# My cat follows me, advice please!



## ophelia (Feb 11, 2009)

My cat Margot has started following my husband and I when we go out. It's worst when we take the dog out, she drives the dog to distraction, so you're pretty much dragging him around, and it also means that he can't go to the park because it means crossing a main road. Our other cat follows us to the end of the jitty where we live, but Margot will literally follow us anywhere. My husband walked the dog to pick me up from work one evening and the cat followed him all the way there (through the town, over a main road). By the time she got to where I work she was totally lost and started yowling.

She won't let us pick her up when we're outside because she knows we'll take her indoors. When we take the dog out she bolts out of the cat flap before we can lock it. Now, we either have to coax her into a room so we can lock her in for a bit or one of us will distract her while the other leaves or takes the dog out. She's generally has good road sense but bolts about when she is trying to wind up the dog. 

Has anyone experienced this before? Is there anything I can do? We think she came a little unhinged when our old cat died, they were really close and now she's very clingy to us. I think she needs a companion but I don't think I can fit another pet in the house. 

Any advice will be appreciated.


----------



## Miss-Meow (Sep 13, 2009)

Ooh an interesting problem! I can only think of two things really.

Keeping her in. You lock the cat flap before you get the dog excited about going out. Don't make a show of it. just covertly go and lock it. Then take the dog out. Or maybe even put her in a room to herself while you go out. She might yowl and scratch and cry a bit and it's not ideal but after noticing her human isn't coming back chances are she'll settle down.

Or.. you take her with you. Introduce her to a cat harness and see if she'll walk with you. I'm not really sure if that would work but she seems keen to go with you, so why not let her in a safe way? (Providing she doesn't upset the dog too much)?

I can't really think of anything else no doubt some one will be a long with more advice for you soon !


----------



## JoWDC (Jan 11, 2009)

Miss-Meow said:


> Ooh an interesting problem! I can only think of two things really.
> 
> Keeping her in. You lock the cat flap before you get the dog excited about going out. Don't make a show of it. just covertly go and lock it. Then take the dog out. Or maybe even put her in a room to herself while you go out. She might yowl and scratch and cry a bit and it's not ideal but after noticing her human isn't coming back chances are she'll settle down.
> 
> ...


I was going to suggest the lead as well - if she wants to go for a walk with you, take her.


----------



## lizward (Feb 29, 2008)

I have had several cats that followed me - at one time I used to regularly go for walks with four of them. Your solution is simple - if you can't safely walk the cat with the dog, you will simply have to shut the cat up before you walk the dog.

Liz


----------



## ophelia (Feb 11, 2009)

thankyou all for your advice. We have considered a harness, maybe for when she follows us without the dog. We usually do lock the cat flap, but sometimes she's already outside. 

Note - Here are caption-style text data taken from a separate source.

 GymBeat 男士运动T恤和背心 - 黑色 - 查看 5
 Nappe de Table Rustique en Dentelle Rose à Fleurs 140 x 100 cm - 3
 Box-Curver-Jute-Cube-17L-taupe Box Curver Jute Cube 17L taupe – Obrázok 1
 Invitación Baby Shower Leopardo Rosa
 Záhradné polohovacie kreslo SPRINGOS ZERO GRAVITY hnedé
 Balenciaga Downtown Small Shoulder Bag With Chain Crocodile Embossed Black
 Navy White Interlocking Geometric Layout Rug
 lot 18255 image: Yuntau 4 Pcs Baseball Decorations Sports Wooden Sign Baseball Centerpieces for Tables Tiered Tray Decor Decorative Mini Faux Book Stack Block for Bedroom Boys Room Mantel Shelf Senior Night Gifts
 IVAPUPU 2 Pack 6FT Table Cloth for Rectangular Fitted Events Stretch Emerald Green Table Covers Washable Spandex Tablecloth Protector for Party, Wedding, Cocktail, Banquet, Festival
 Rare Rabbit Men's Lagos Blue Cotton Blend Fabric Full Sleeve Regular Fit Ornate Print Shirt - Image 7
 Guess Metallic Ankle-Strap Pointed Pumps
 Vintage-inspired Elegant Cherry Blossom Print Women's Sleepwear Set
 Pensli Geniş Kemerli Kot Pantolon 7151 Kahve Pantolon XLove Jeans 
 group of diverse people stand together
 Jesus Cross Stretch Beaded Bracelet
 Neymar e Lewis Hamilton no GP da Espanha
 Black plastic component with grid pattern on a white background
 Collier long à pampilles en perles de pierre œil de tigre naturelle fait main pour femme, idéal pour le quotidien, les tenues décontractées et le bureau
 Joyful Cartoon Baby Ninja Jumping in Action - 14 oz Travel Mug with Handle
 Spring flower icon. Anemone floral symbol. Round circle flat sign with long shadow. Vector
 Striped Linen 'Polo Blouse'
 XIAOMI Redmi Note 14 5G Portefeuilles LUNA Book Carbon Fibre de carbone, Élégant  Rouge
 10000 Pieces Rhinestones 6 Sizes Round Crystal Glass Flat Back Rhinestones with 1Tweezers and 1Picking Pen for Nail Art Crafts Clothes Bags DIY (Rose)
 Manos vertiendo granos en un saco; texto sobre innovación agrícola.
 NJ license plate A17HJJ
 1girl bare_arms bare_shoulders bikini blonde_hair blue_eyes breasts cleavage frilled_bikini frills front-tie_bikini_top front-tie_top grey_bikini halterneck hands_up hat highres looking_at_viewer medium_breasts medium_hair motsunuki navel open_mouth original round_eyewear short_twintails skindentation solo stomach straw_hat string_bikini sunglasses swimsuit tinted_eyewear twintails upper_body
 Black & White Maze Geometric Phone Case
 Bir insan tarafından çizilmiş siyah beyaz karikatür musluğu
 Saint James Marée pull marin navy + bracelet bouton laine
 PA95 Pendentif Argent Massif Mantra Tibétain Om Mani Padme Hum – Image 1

I think it will have to be about managing the situation, as she is fine the rest of the time. I don't want to lose her on the road, so if it means locking her up a few times a day while the dog gets walked then so be it.


----------



## aurora (Aug 16, 2008)

our cat comes for a walk also, it's quite funny really me walking 3 terriers and a cat as well following, it's given the neighbours a laugh any way.


----------



## Lulu's owner (May 1, 2009)

I sometimes have this problem with my cats and have to pick them up and put them back in the house for their own safety. However, what sometimes works is to walk quietly and in total silence, cross to the other side and don't look back at them, just completely ignore them, then with any luck, and specially if someone passes by and makes a noise or they get slightly alarmed in some other way, they will forget about you and disappear back homewards. Like I say, sometimes it works, sometimes it doesn't.


----------



## dharma66 (Oct 25, 2009)

Our neighbours cat used to follow them when dog walking. Fortunately, there were only very quiet roads involved.

Tis is especially fortunate as the cat also used to jump onto the car when they drove off the driveway! It usually jumped off at the end of the road, but a couple of times they were surprised to find the cat on the car roof when they got out at the shops!

There are a few stories about this cat...


----------



## ShannonLouise. (Feb 2, 2009)

I had this problem with my cat Tommy! He would follow me to the top of our estate on the way to school but id have to shoo him away and i felt soo horrible  He got run over at 9months in January though


----------